Souple et réactive, une entreprise qui annonce aussi sa volonté de travail
«à façon» mettant ses atouts au service de vos différences.
Que tous les cuisiniers qui se lamentent de ne plus trouver de bons légumes, de bonnes viandes, que tous ceux qui recherchent la variété et le naturel se rassurent. Philippe Vasseur, ministre de l'Agriculture, de la Pêche et de l'Alimentation, a présenté le 12 février 97, une nouvelle loi d'orientation pour l'Agriculture, l'Alimentation et la Forêt. La dernière loi d'orientation de l'Agriculture datait de 1962, elle préconisait le productivisme. Les agriculteurs devaient produire au maximum pour nourrir les Français et exporter. Conséquences, il y 30 ans, un paysan nourrissait huit personnes, maintenant il en nourrit trente. 900.000 fermes ont disparu, les agriculteurs vivent dans une certaine précarité, les aliments ont perdu toute leur saveur et, de plus, certains sont devenus dangereux pour la santé : la vache est «folle», les légumes pleins de nitrates, les viandes bourrées d'antibiotiques... A partir de maintenant, tout devrait changer. Philippe Vasseur a pour ambition de faire de la France : «La référence mondiale en matière de qualité alimentaire, aussi bien pour ses entreprises que pour ses produits qu'il s'agisse en priorité de la qualité sanitaire ou des produits de qualité ou de terroir.»

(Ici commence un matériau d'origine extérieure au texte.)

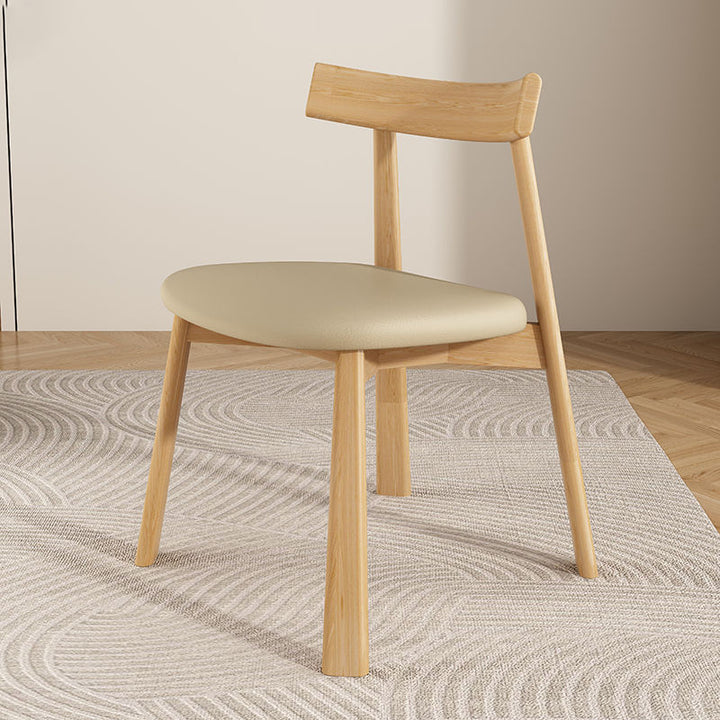 Moderner schlichter Esszimmerstuhl aus Gummibaumholz mit quadratischer Rückenlehne und Kunstlederbezug für das Esszimmer 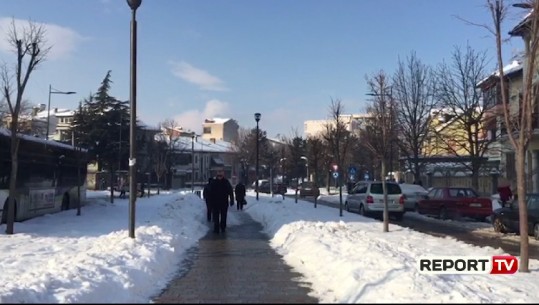 Pakësohen reshjet e dëborës në Korçë, fshatrat përshkohen me zinxhirë, mungon energjia elektrike (VIDEO)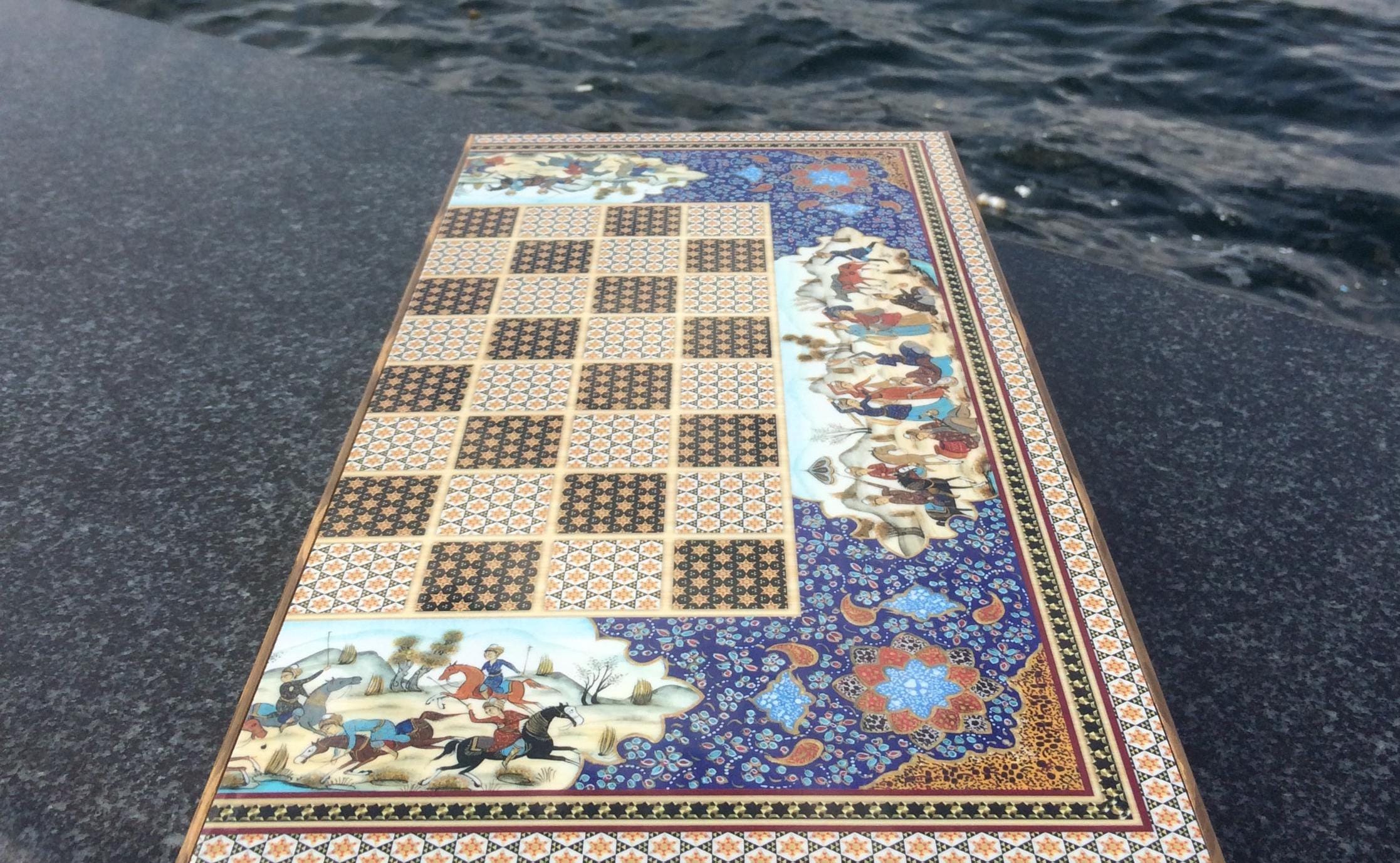 ペルシャの高級ハンドメイドチェス& バックギャモン 高級バックギャモン木製バックギャモンチェスセット：手作りペルシャ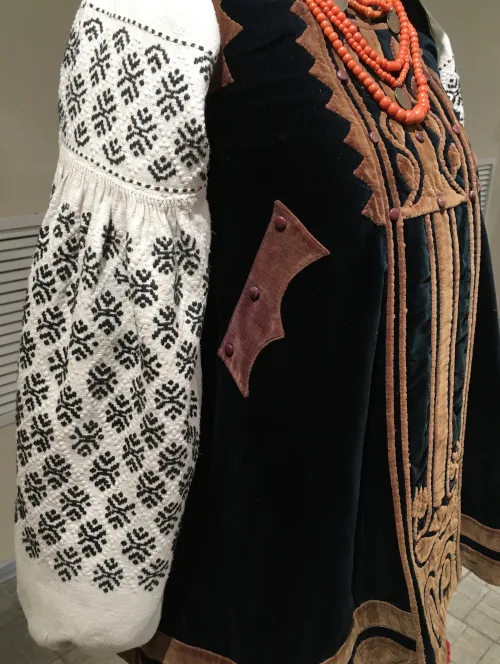 Ukrainian needlework – close-ups of vintage embroidered shirts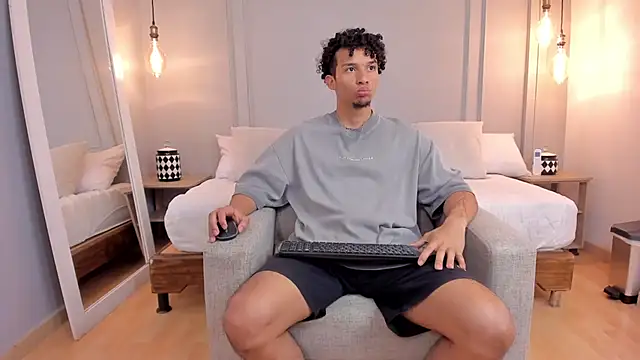 Dominick star online show from 3, 11, 2025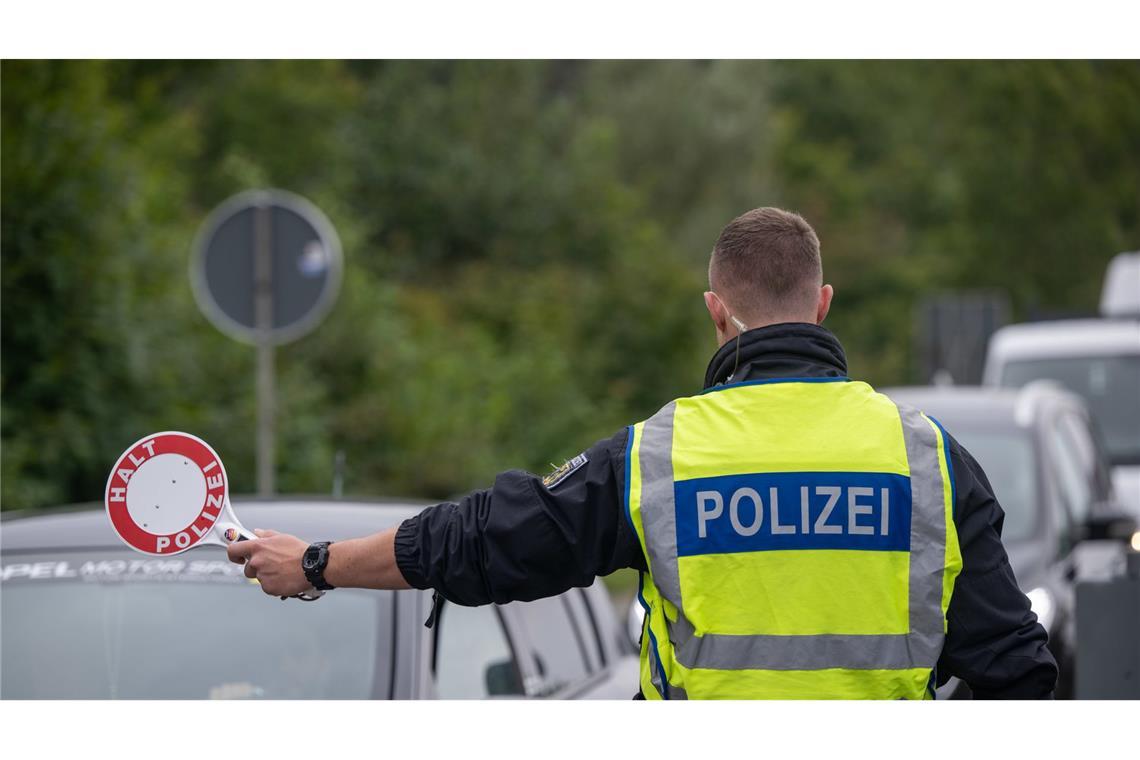 Bei einer Grenzkontrolle stellten Beamte fest, dass die Mutter die Kinder als vermisst gemeldet hatte. (Symbolbild)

Pour valoriser et pour protéger ses produits, la France dispose déjà de garanties officielles : le Label Rouge, le label régional, l'AOC, la Certification de conformité, l'AB (Agriculture biologique). Il est vrai que tous ces signes sont bien difficiles à comprendre pour les consommateurs. La loi d'orientation agricole prévoit d'en améliorer la lisibilité. Administrativement, cela passerait par la disparition de l'INAO (Institut National des Appellations d'Origine) pour faire place à un «Institut de la Qualité et des Appellations d'Origine» qui délivrerait deux brevets de bonne conduite facilement identifiables : le Label Rouge pour la qualité supérieure et une Certification de provenance géographique. Cette démarche s'inscrit également dans la perspective d'une visibilité renforcée pour les produits du terroir au niveau de l'Europe. Enfin, avec la signature «Qualité France», Philippe Vasseur espère freiner les importations, donc reconquérir le marché intérieur sans contrevenir aux règles commerciales du libre-échange. Néanmoins, cela n'empêchera pas les OGM** américains, ce soja et ce maïs génétiquement modifiés, d'envahir notre pays. On ne sait pas s'ils sont dangereux pour notre santé, mais ils sont moins chers. Combien d'industriels ou d'agriculteurs prendront le risque de laisser de côté ces produits qui leur permettront de baisser leurs coûts de production, donc de rester compétitifs ?
*MDD : Marque de Distributeur.
**OGM : Organismes génétiquement modifiés.
Deux signes officiels de qualité seront retenus : le Label Rouge et la
Certification de provenance géographique.